A good leader is sensitive to the dis-empowering ecosystem created by a large, process-driven, rule-following NGO/Donor. A leader provides the emotion that donor-pleasing NGOs are incapable of having. S/He has the power to bring joy to the team, discuss their issues, vent their frustrations and encourage their ‘out of the box type’ ideas or styles or conducts. More importantly, a leader protects the interest of the activists and the entire movement — not because that is the ‘expected professional leadership process’ but simply because s/he is an empowered human being and knows why(for what purpose) s/he is a leader. S/He can creatively create the space and freedom for all activists without compromising the funding security. But s/he also should be ready to say no to such funding if the movement’s agenda gets compromised or hijacked by the donor. A good leader merely gives instructions, rather enables the Human Rights movement to be free from the ‘professionalism and efficiency-driven’ activist-taming culture.
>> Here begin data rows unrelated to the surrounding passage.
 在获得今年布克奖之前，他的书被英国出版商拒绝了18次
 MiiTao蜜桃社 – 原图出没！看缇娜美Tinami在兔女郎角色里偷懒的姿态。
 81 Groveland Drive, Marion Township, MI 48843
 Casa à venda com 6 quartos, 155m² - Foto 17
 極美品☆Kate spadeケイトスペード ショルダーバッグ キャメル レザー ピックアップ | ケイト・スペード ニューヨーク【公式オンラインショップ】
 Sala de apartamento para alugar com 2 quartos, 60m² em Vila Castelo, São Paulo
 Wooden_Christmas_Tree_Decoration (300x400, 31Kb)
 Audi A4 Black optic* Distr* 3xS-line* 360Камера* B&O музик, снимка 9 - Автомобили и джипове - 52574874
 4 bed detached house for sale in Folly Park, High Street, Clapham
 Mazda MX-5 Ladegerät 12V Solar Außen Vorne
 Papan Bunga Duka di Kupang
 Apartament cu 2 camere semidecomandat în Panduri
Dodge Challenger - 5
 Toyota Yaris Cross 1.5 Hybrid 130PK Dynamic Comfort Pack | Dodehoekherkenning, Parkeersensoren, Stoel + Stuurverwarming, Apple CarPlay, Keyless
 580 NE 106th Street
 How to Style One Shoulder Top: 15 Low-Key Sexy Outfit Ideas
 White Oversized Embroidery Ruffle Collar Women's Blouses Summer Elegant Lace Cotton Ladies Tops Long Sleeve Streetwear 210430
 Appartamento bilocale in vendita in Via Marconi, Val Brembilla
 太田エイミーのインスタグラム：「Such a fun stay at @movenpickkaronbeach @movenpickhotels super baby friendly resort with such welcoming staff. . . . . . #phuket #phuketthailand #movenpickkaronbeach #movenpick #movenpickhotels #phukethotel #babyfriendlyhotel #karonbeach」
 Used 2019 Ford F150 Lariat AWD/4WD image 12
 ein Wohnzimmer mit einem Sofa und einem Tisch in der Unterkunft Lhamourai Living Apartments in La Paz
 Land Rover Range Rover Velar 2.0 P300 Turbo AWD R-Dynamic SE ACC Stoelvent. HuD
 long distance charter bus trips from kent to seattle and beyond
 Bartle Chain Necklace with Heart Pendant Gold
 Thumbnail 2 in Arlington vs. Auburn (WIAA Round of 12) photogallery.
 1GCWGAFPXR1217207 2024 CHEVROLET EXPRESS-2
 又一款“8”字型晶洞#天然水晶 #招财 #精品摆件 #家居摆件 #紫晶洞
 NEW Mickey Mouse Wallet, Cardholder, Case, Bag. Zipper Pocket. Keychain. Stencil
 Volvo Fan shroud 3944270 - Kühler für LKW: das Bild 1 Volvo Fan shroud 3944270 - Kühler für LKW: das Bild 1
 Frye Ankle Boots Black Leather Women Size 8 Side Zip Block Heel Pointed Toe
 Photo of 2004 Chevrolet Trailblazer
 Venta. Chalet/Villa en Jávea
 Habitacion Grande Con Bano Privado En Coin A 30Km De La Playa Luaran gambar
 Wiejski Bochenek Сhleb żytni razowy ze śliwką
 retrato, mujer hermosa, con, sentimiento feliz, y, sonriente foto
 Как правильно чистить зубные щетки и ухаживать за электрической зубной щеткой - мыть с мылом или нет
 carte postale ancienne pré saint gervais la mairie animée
A good leader also knows when s/he should leave to lead, not because s/he does not have the skills or capacity anymore, rather, s/he has empowered the followers successfully to replace him/her.
Tips: Funding is not the only important consideration for an NGO. It is an important component but certainly not the most important and, in reality, not always needed for everything you do. Keep this in mind when looking for funding. It is a well-known fact that the big multilateral and bilateral donors have more funding to disburse (after their own handsome portion for administrative charge!) but there are small donors, private foundations and grants that are often better suited for Human Rights Organizations. Look for funding only when it becomes vital to carry out some of the advocacy work but don’t make funding a goal of your organization. Some organizations are professional grant writers and know how to influence donors. They are often successful in getting funding but the irony is that the donors love such organizations only because they are “professional” in writing proposals and reports.
Lastly, as a human rights movement: Remain a grassroots, loosely organized movement as long as you can and don’t become a ‘professional’ NGO. As an activist: Don’t become ‘professional and efficient’, that’s like becoming a corporate. Stay a raw, innocent and effective activist and you will deliver much better. Otherwise shift to the corporate world.